Part-Time / Early Stage
Working 10-15 hours per week or in your first few months building pipeline.
$3,000 - $7,500/month*
Typically 1-2 deals per month at ~$50K-$75K deal size with 5-6% commissions.
Full-Time / Consistent
Dedicated broker with active pipeline and repeatable deal flow.
$15,000 - $30,000+/month*
Typically 3-5 deals per month at ~$100K-$150K deal size with 4.5-5% commissions.
Experienced / Scaling
Established broker or small shop with proven process and referral network.
$40,000 - $60,000+/month*
Typically 5-8+ deals per month at $150K-$200K+ deal size with 4% commissions.
*These ranges are illustrative based on typical industry performance. Actual income depends on your effort, market conditions, training quality, and numerous other factors. These are not projections or guarantees.
Factors That Affect Your Income
Deal Volume
More funded deals per month = more income. This is the single biggest lever. Daily prospecting activity drives deal volume -- there is no shortcut.
Average Deal Size
A broker closing $200K deals earns more per transaction than one closing $40K deals. Deal size tends to increase naturally as you gain experience.
Commission Rate
Rates vary by lender, product type, and deal quality. Strong lender relationships unlock better commission tiers over time.
Full-Time vs. Part-Time
Full-time brokers who treat this as their primary business ramp faster and produce more. The pipeline rewards consistent daily effort.
Repeat Clients
A contractor who finances one dump truck will finance another. Repeat relationships generate warm deal flow over time.
Market Conditions
Economic conditions, interest rates, and lending appetite affect deal flow. Some markets are better for brokers than others.
What Realistic Expectations Look Like
Year 1
First quarter is typically zero income. By end of year, if you are full-time and committed, $15,000-$60,000 is realistic depending on how hard you work and when you start.
This assumes you spend months 1-3 building pipeline without income.
Year 2
You have established lender relationships, a growing referral network, and repeat clients. Monthly income becomes more predictable. $60,000-$150,000 is realistic for a full-time broker building momentum.
This assumes you did the work in year one to build your foundation.
Year 3+
If you have built strong relationships and a solid referral network, six-figure annual income is achievable. Scaling happens either through adding sub-brokers, expanding verticals, or both.
Six figures requires consistent effort and smart relationship building, not luck.
Understanding Commission Structures
Not all commissions are created equal. Here are the main structures you will encounter.
Front-End Commission
You earn commission when the deal is approved and signed, before funding. This gives you cash faster but is less common.
Back-End Commission
You earn commission when the deal fully funds. This is most common. You have to wait for funding but you know the deal is real.
Split Commissions
If you broker under someone else's shop or work with a partner, you split the commission. A 50/50 split means you get half. A 70/30 split means you get 70% of whatever the shop earns.
Tiered Commissions
Some lenders pay different rates based on deal size or volume. Larger deals might pay 2.5%, smaller deals might pay 6%. The more deals you send a lender, the better your tier.

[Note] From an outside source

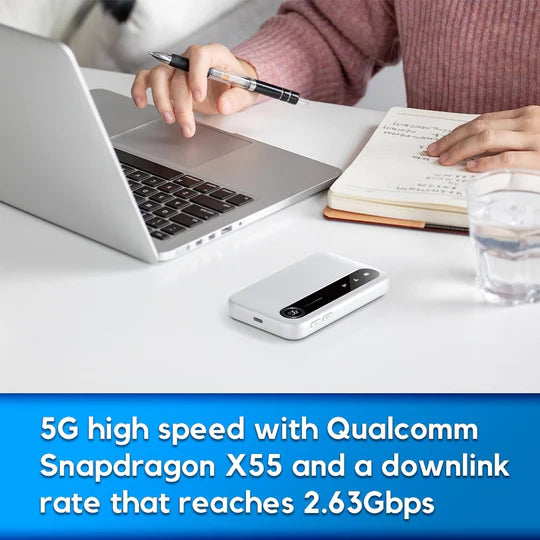 ZTE U50 5G MiFi Portable Wi-Fi 6 Router, AX1800 Mobile Hotspot, 4500mAh Battery, Dual TS-9 External Antenna Ports, Supports 32 Devices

The Bottom Line on Broker Income
Commercial loan brokering offers real income potential. Brokers who build consistent pipelines and close deals regularly can earn six figures. But that income is earned month by month, deal by deal, through persistent prospecting and relationship building.
The brokers earning the most are not the ones who found a secret. They are the ones who showed up every day, built strong lender relationships, developed expertise in their verticals, and never stopped filling their pipeline.
If you are comparing this to a W-2 job: you are trading guaranteed income and benefits for uncapped earning potential and independence. That trade is excellent for some people and terrible for others. Be honest with yourself about which category you fall into.